2013-10-10 Thread Mark Felder
On Wed, Oct 9, 2013, at 8:36, Eduardo Morras wrote:
 On Tue, 8 Oct 2013 21:32:39 -0600 (MDT)
 Mike Brown m...@skew.org wrote:
 
  alexus wrote:
   ok, I just did fetch  install and got bumped from p5 to p9
   
   # uname -a
   FreeBSD XX.X.org 7.4-RELEASE-p9 FreeBSD 7.4-RELEASE-p9 #0: Mon Jun 11
   19:47:58 UTC 2012
   r...@amd64-builder.daemonology.net:/usr/obj/usr/src/sys/GENERIC
amd64
   #
   
   can I take it all the way to -p12?
  
  -p10 through -p12 probably didn't involve any kernel changes. Bumping the 
  reported patchlevel isn't considered important enough to warrant building a 
  new kernel.
 
 That there's no kernel changes doesn't mean that uname -a info is not
 updated. 

You are incorrect.
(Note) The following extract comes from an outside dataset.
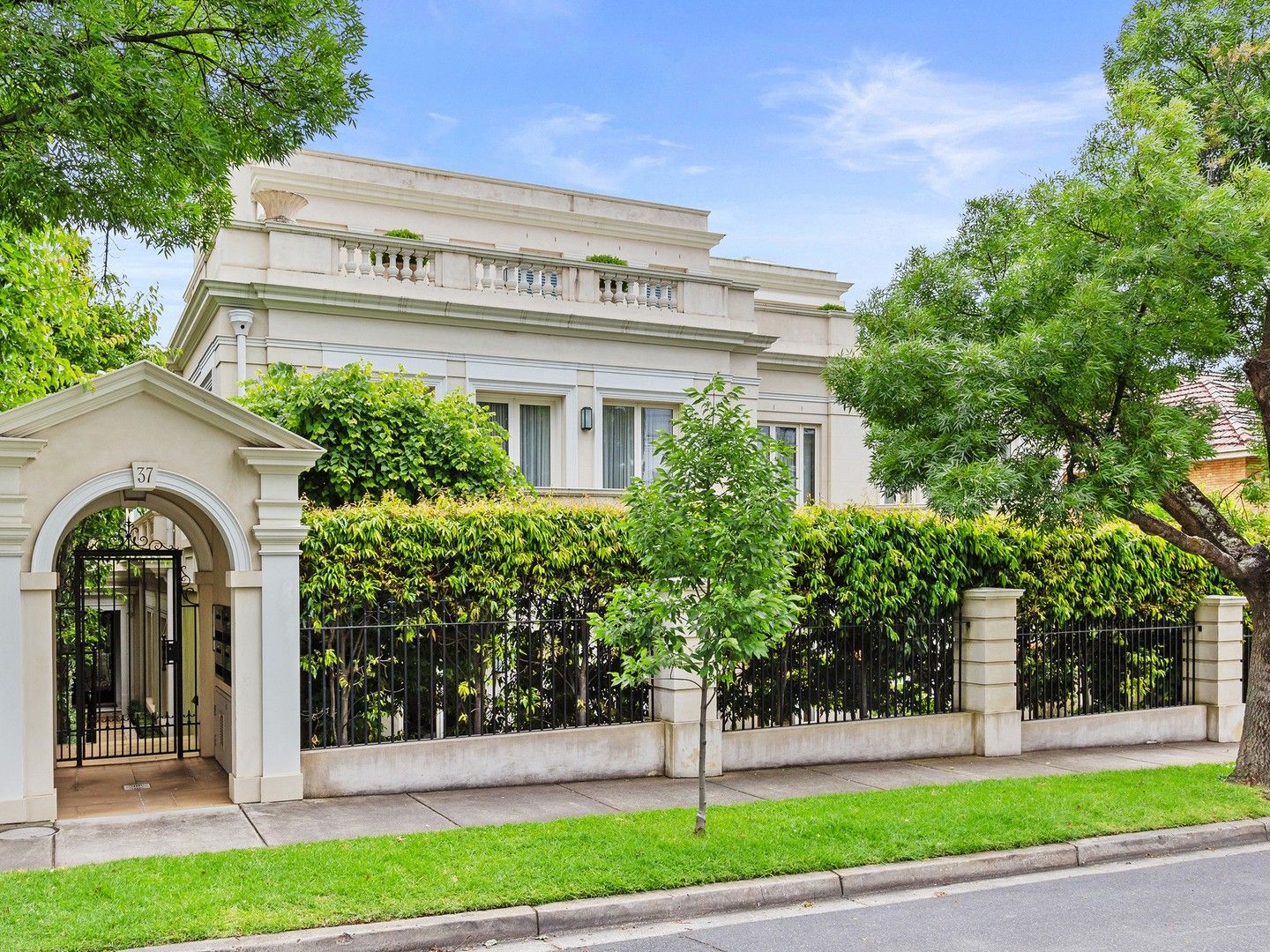3 bedrooms Apartment / Unit / Flat in 3/37 Wallace Avenue TOORAK VIC, 3142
The output of uname -a is taken from the kernel and
cannot be updated without installing a new kernel.

The good news is that FreeBSD 10 will ship with a new utility called
freebsd-version which will provide a better way of identifying if your
system is up to date.

From the commit message:

Introduce the /libexec/freebsd-version script, which is intended to be
used by auditing tools to determine the userland patch level when it
differs from what `uname -r` reports.  This can happen when the system
is kept up-to-date using freebsd-update and the last SA did not touch
the kernel, or when a new kernel has been installed but the system has
not yet rebooted.

http://svnweb.freebsd.org/base/head/bin/freebsd-version/


By the way, it will be /bin/freebsd-version as it has been relocated
since the import into head.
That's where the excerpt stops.